YOUR GOAL
Beginning with the line that holds "Minimalist cotton numb", write out each line exactly as it stands until the end of the data, and include no pictures.
*** Opening of STORED DATA ***
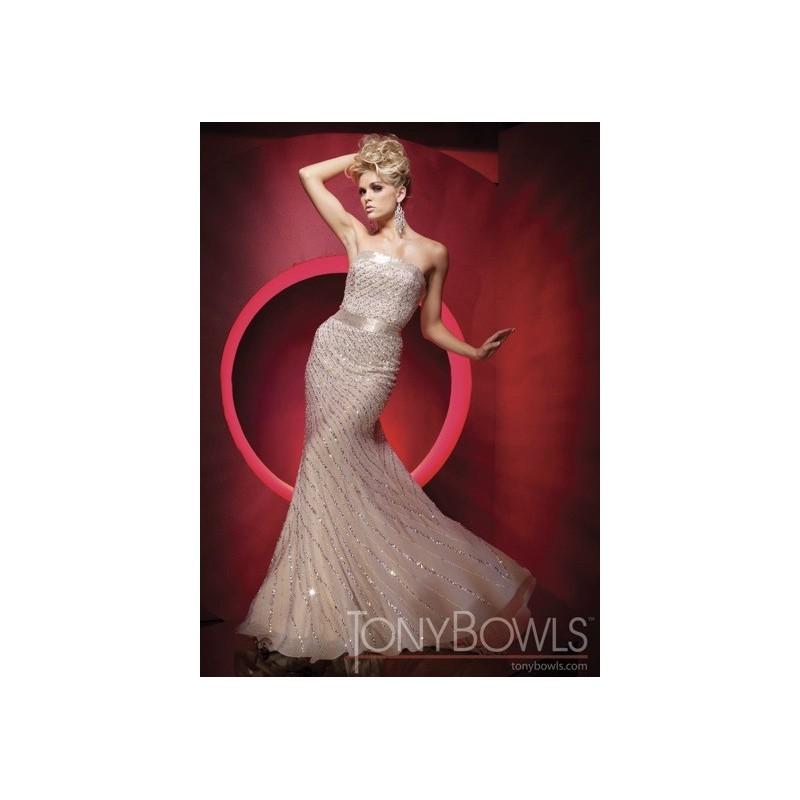 Hochzeit - Nude Beaded Chiffon Tony Bowls Collection Pageant Dress 111C20 - Brand Prom Dresses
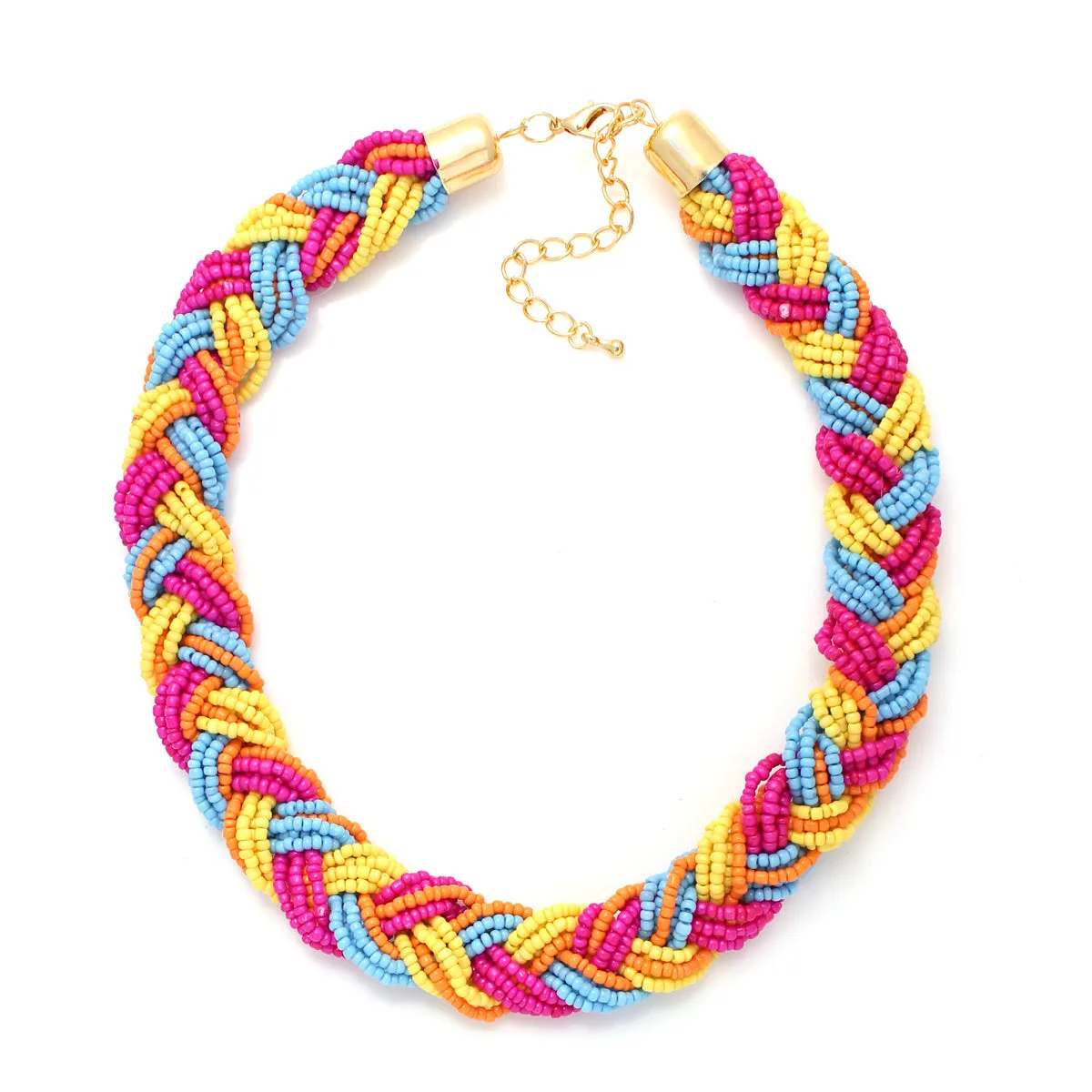 FUSCHIA BLUE YELLOW BEAD NECKLACES #FW1401448 (KE5)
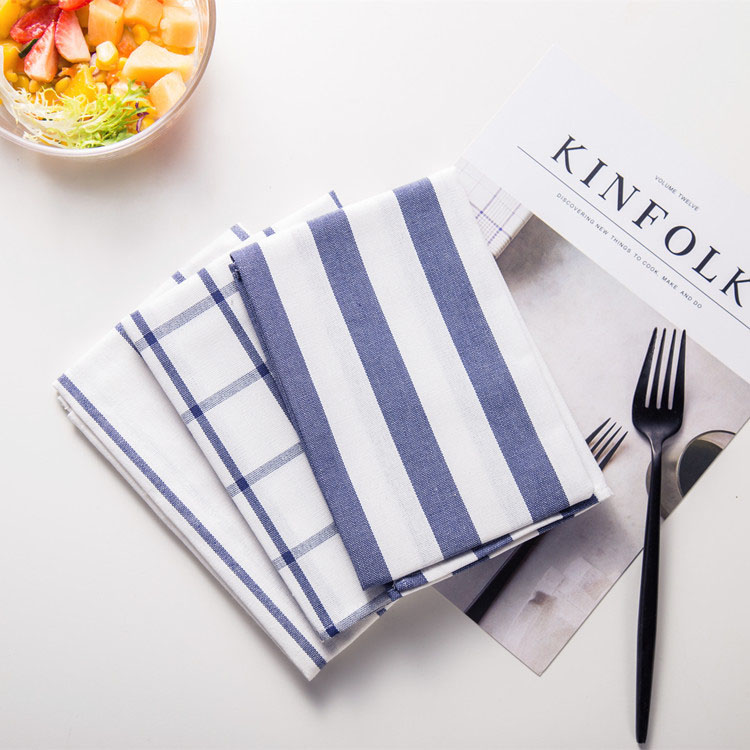 Minimalist cotton numb art classic striped plaid dining towel cushion hem for rectangular shooting background Western food baking buffet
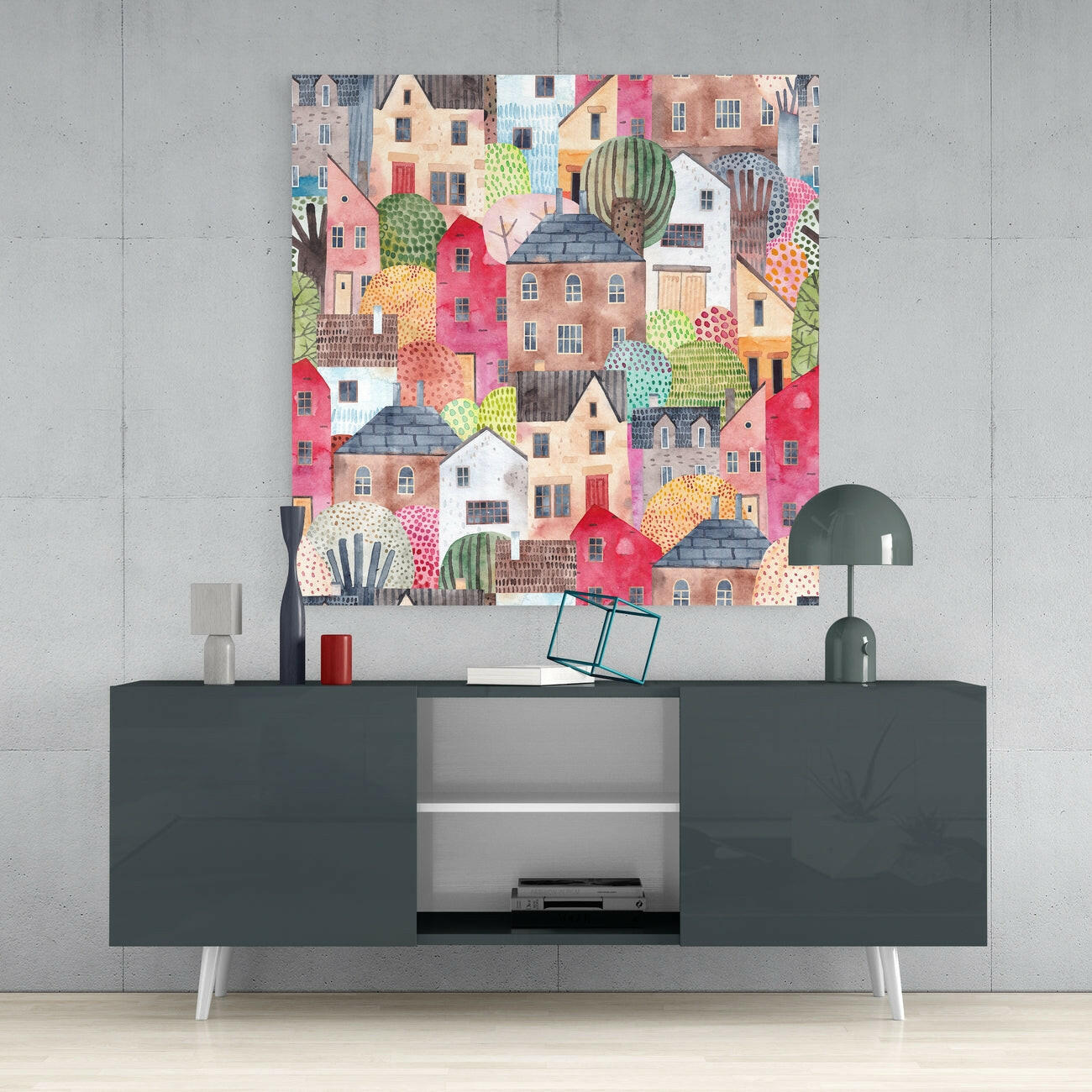 Insigneart USA Insigneart USA Cute Houses Glass Wall Art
*** Close of STORED DATA ***
RESPONSE TO THE TASK
 Minimalist cotton numb art classic striped plaid dining towel cushion hem for rectangular shooting background Western food baking buffet
 Insigneart USA Insigneart USA Cute Houses Glass Wall Art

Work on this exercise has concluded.